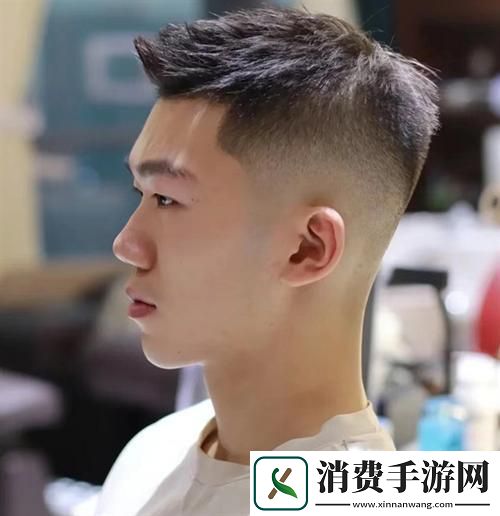 “巨无霸”黑长直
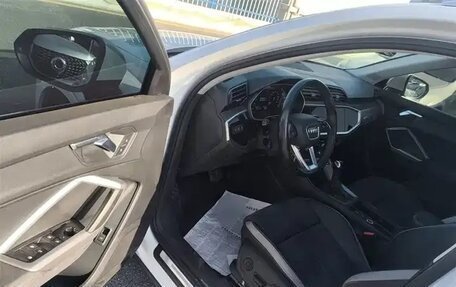 Audi Q3, 2023 год, 2 290 000 рублей, 10 фотография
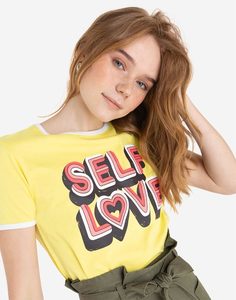 Жёлтая укороченная футболка SELFLOVE Gloria Jeans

= = =

## Exercise brief
Word for word and without pictures, restate only the lines running from the one that contains "Audi Q3, 2023" through the last line of the listing above.

## Answer section
 Audi Q3, 2023 год, 2 290 000 рублей, 10 фотография
 Жёлтая укороченная футболка SELFLOVE Gloria Jeans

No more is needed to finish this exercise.